Once we had the cards signed, our USW committee people would pass the resumes into our contact person on the ground who was so deeply in our debt and appreciative to us for the ground support, which made it possible to meet their completion deadlines.
When we had more than 50% of all hires on the job, we gave notice to the company that we intended on filing a petition for representation, which, the local had promised them we would. We had one last meeting with the employees to make sure everyone was still on board. To make it difficult not to commit to our organizing efforts, we made sure that we had the very same USW union representatives who worked side-by-side with them every day in the plant in attendance as well. We dated the cards and used them to show interest and had an election date set in stone.
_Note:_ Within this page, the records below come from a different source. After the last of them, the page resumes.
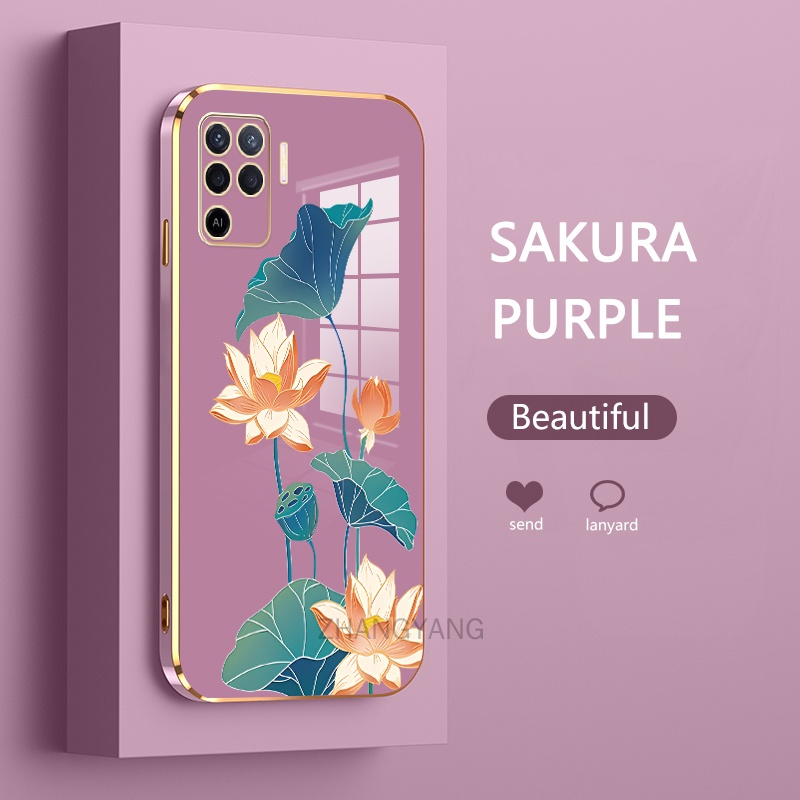 ốp lưng oppo a94 ốp điện thoại oppo a94 Ốp Điện Thoại TPU Dẻo Mạ Màu Họa Tiết Hoa Sen Sang Trọng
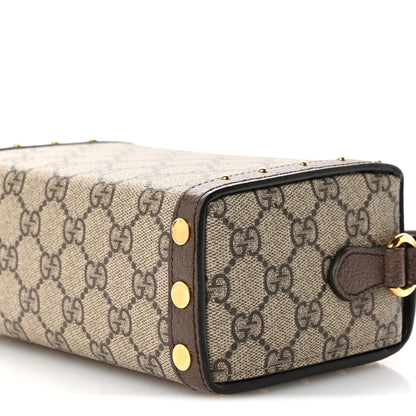 Gucci GG Supreme Monogram Textured Dollar Calfskin Mini Trunk Shoulder Bag Beige Ebony New Acero 10 of 11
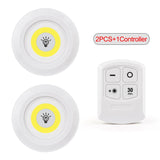 HULIANFU LED Light COB Under Cabinet Light Night Light Wireless Remote Control Dimmable Wardrobe Lamp 3W Super Bright Closet Lighting
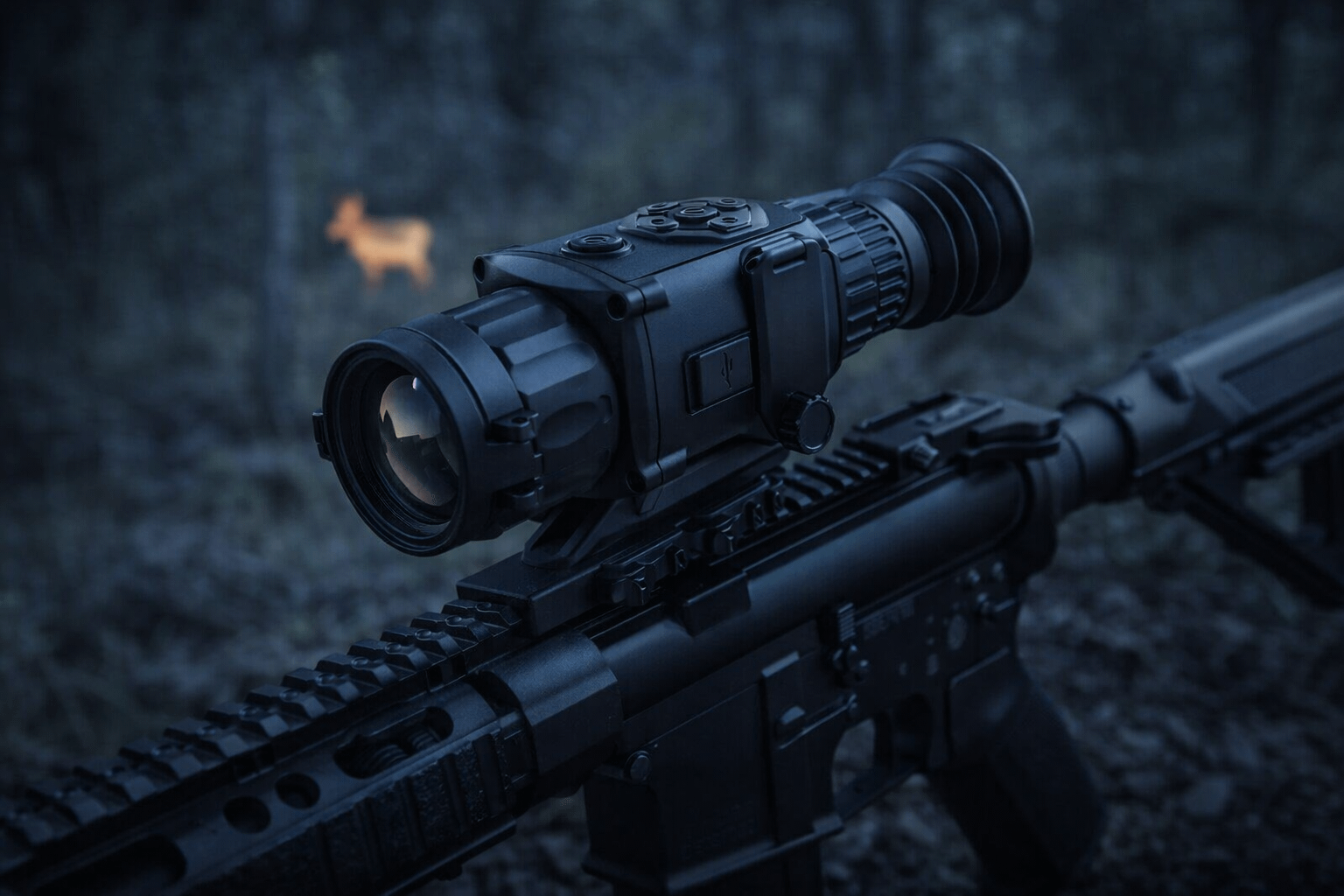 AGM Rattler TS35-640 review — 2–16x 35mm 640 thermal scope mounted on AR rifle at night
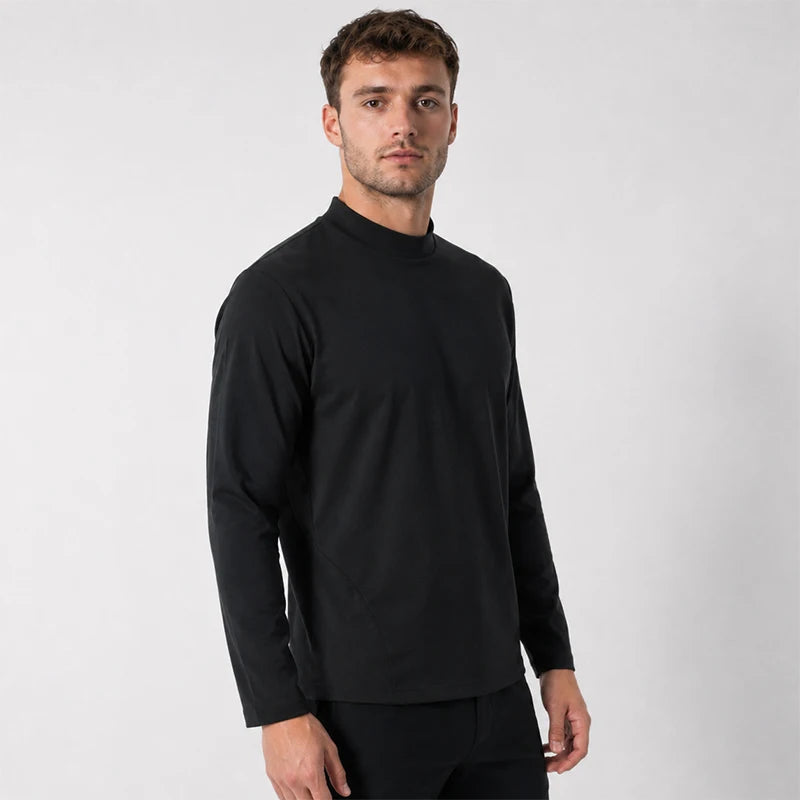 SBWL Fashion Winter/Autumn Men's High-Quality New Outdoor Sports Long-Sleeved T-Shirt Simple Style Warm Round Neck Tops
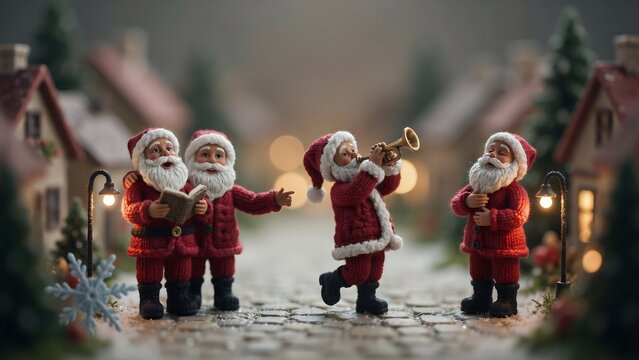 Santa Claus figurines carol singing in snow village. Miniature figures playing trumpet and holding songbooks on snowy street. Festive holiday photography for Christmas greeting cards.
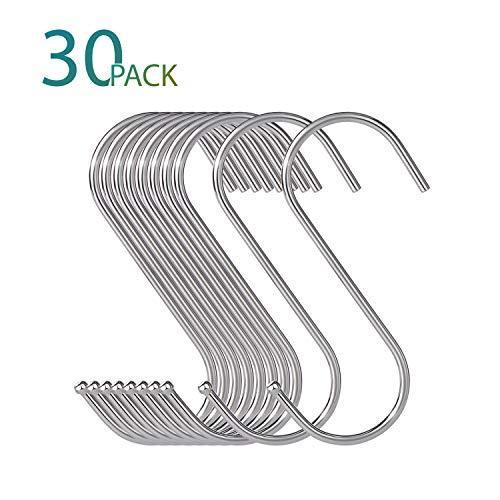 Budget friendly 30 pack large s shaped hanging hooks s hangers for kitchen office bathroom cloakroom and garden heavy duty s hooks by krendr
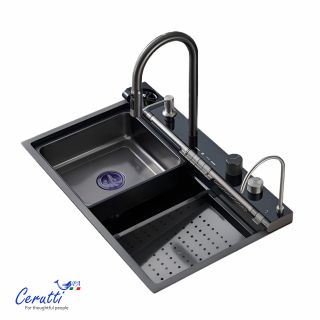 Многофункциональная кухонная мойка Ceruttispa ГЛОРИЯ (GLORIA) Pro nano black CT10578 графит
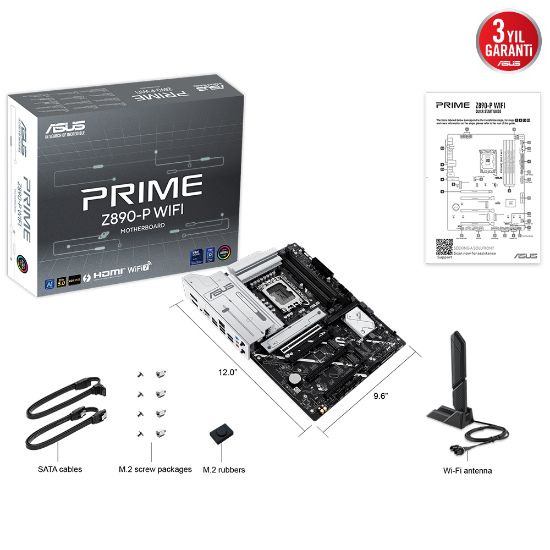 ASUS PRIME Z890-P WIFI DDR5 4XM2 USB3.2 RGB LAN ATX resmi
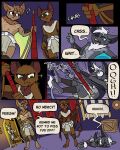 60percentscalie angry anthro bat blue_eyes bodily_fluids clothed clothing english_text fangs featureless_chest female fight group hi_res hitting humanoid male mammal one_eye_closed open_mouth sculpture standing sweat sweatdrop teeth text topless topless_male vauruk weapon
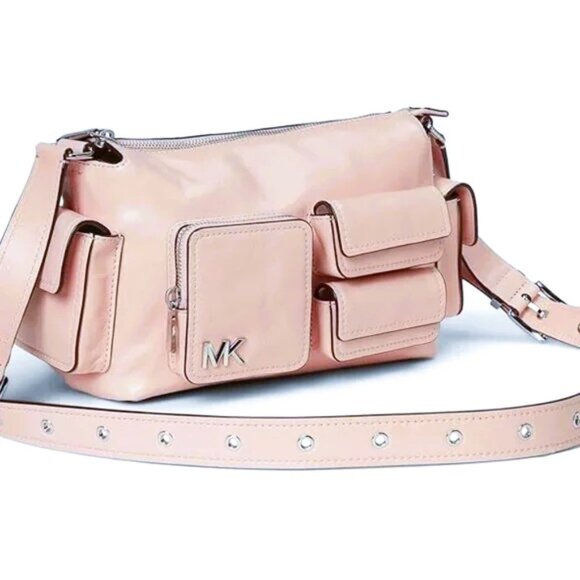 NWT ✅ Michael Kors DAKOTA Medium Leather Shoulder Bag ~ Smokey Rose ✨NWT - Picture 4 of 17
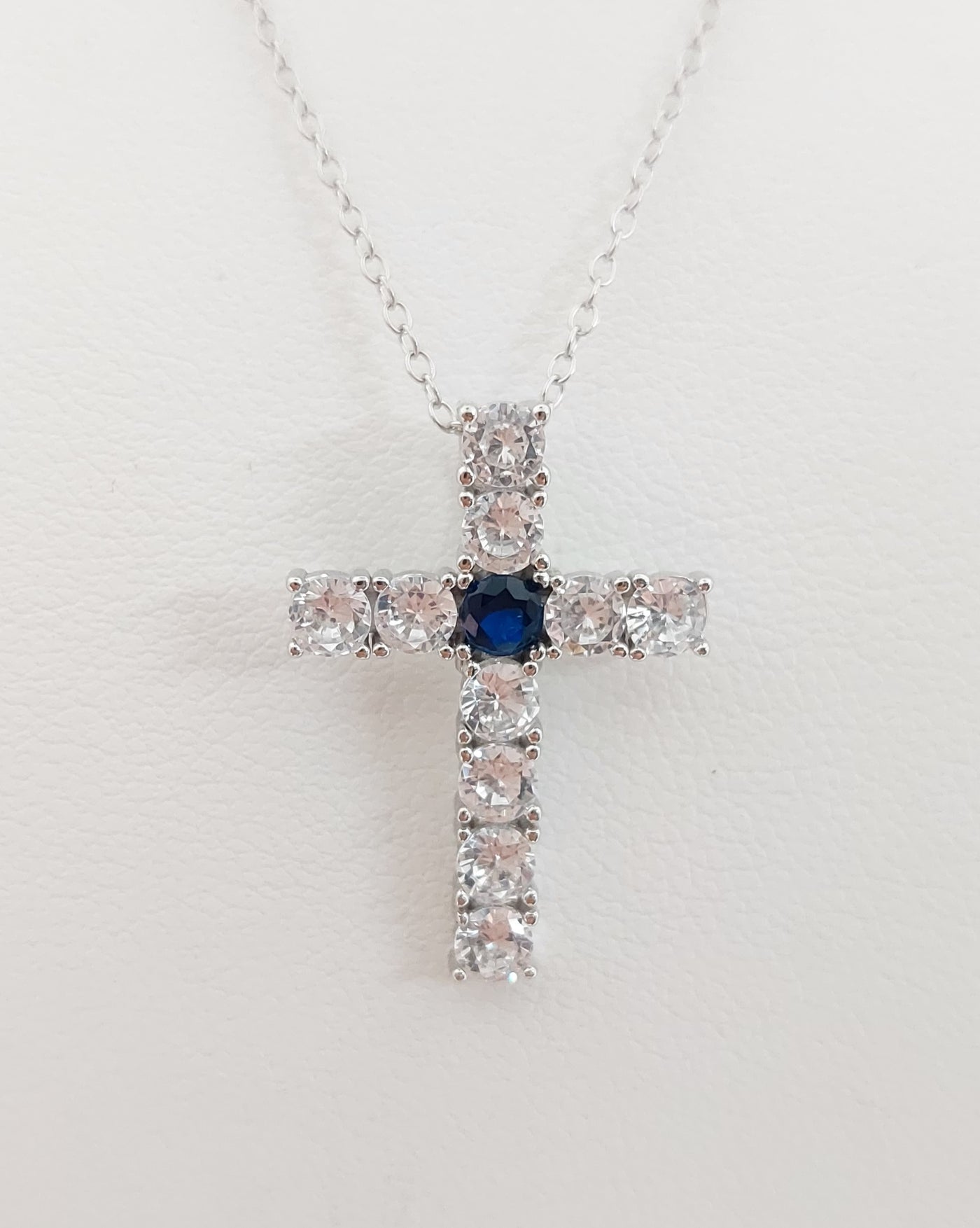 Silver Simulated Blue Sapphire/Diamond Cross Necklace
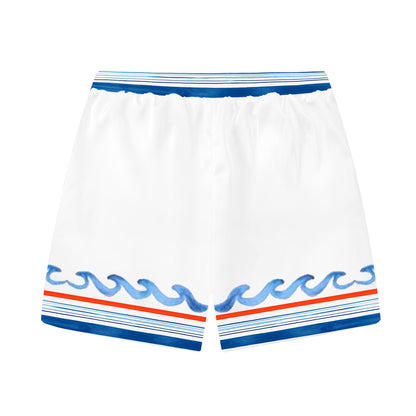 Leisure Vacation Crayfish Pattern Elastic Waistband Summer Casual Shorts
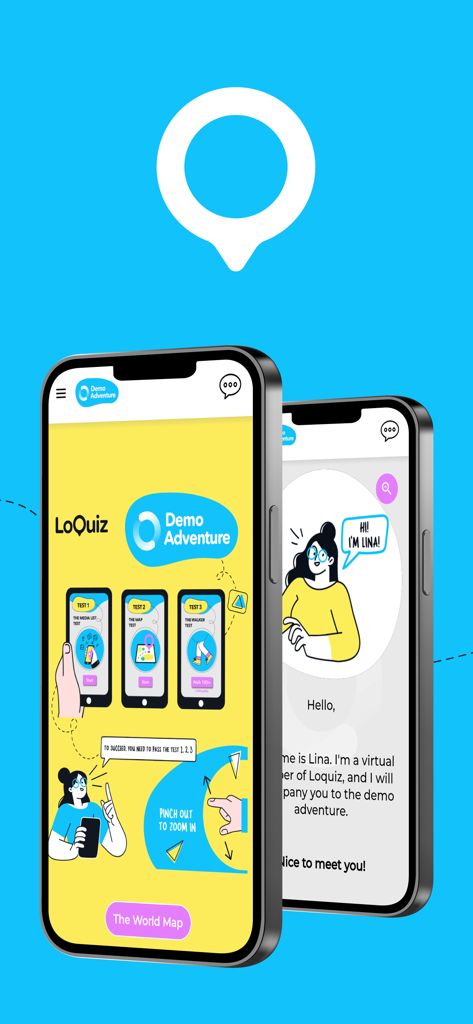 Two smartphone screens showing the Loquiz app interface for a demo scavenger hunt adventure.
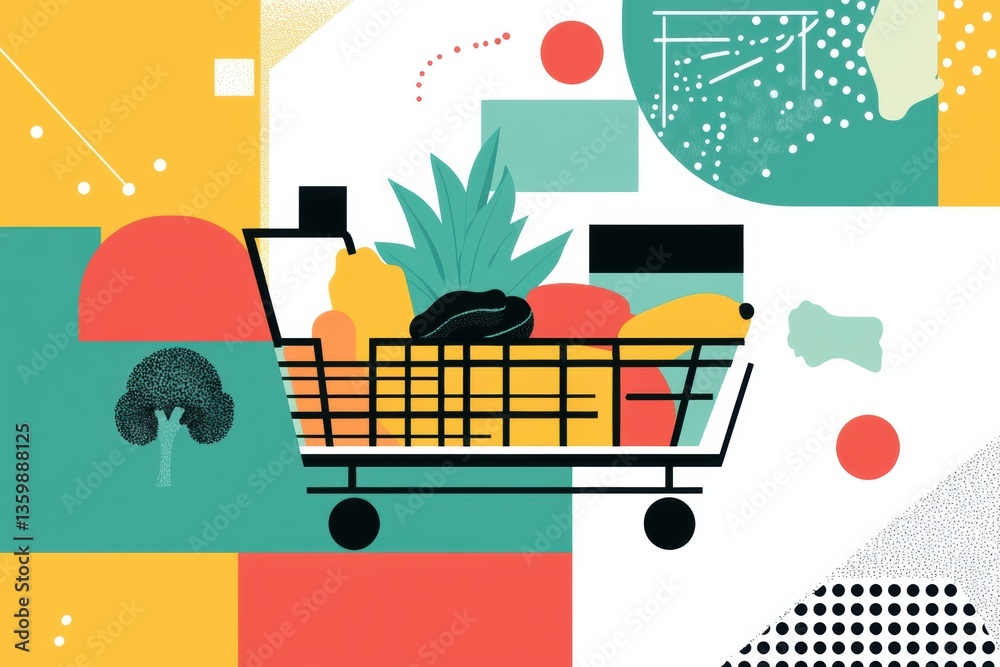 Aufkleber stylish abstract grocery shopping with geometric designs, bold colors, and modern transitions in a c
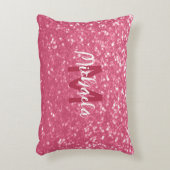 淡いピンクのバラフェイクスパークルグリッターモノグラム アクセントクッション (正面(垂直))
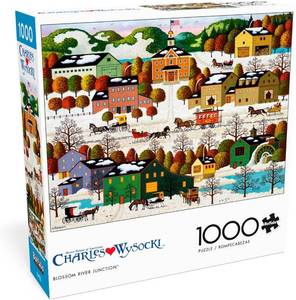 lot 14290 image: Buffalo Games �� Charles Wysocki - Blossom River Function - 1000 Piece Winter Jigsaw Puzzle - Festive, Puzzles for Adults �� Precision-Cut Pieces, Christmas Artwork, Hours of Relaxing Fun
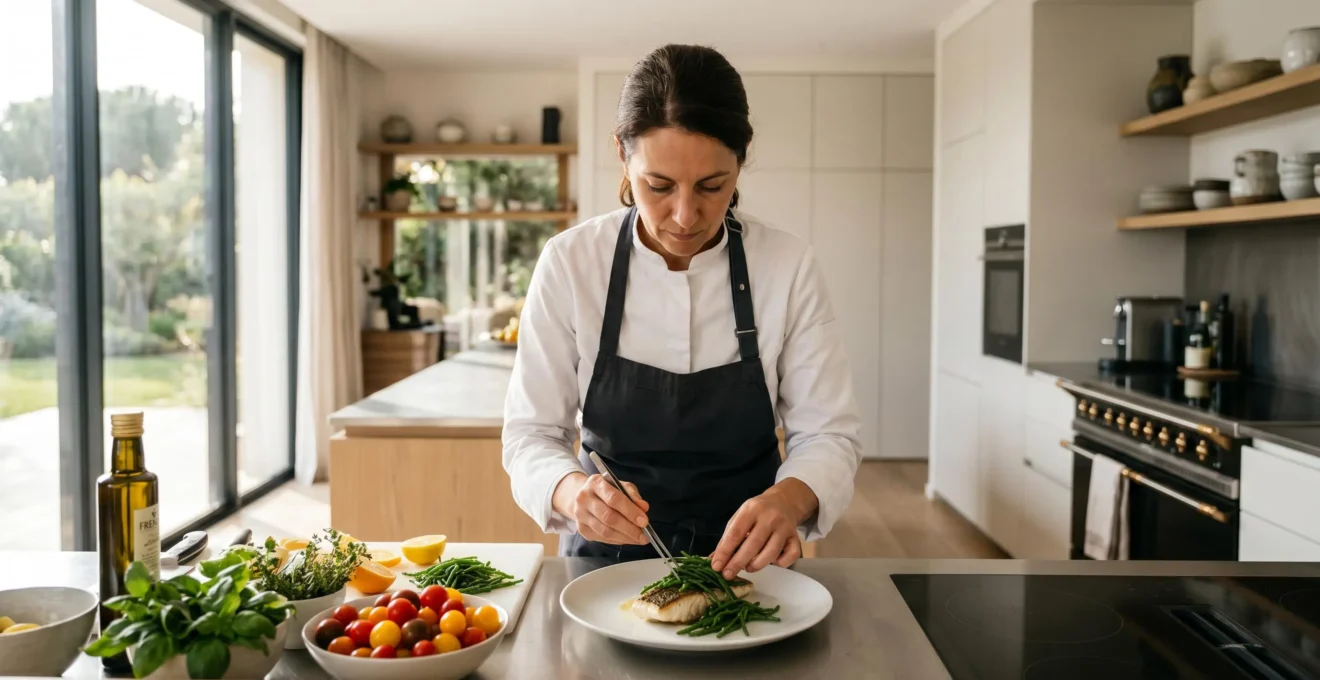 Professional chef plating refined Mediterranean dish in modern luxury villa kitchen with natural morning light, hands focused on culinary preparation with fresh local ingredients visible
This contracting company was so far in bed with us at this point that they didn’t dare fight us. We went on to win by a 100% margin (the first time in my career to have every vote). It was a quick and easy election. It was all an inside job! By using our leverage and strength within an already unionized facility, it was no challenge for my team to organize the new non-union contractor. This is an example of why the average win rate is higher in a facility that has a partially unionized workforce. It is also an example as to why these types of facilities serve as a prime target for unions to pursue when they sit inside their union density network.
As the NLRB roles out their pro-union changes, employers must look at their organizations and assess where their strength’s and weaknesses are. If they want to remain union free, they need to identify holes in their armor and take action to assure safety from attack. Now that I sit on management’s side, I can tell you that the unions are looking at every weakness they can find your organization, as the union’s goal is to increase their membership levels. I can also tell you that the best time to identify your weakness is before the union is embedded in your organization. Once you get them in there, you will have a hell of a fight on your hands to get them out and keep them out.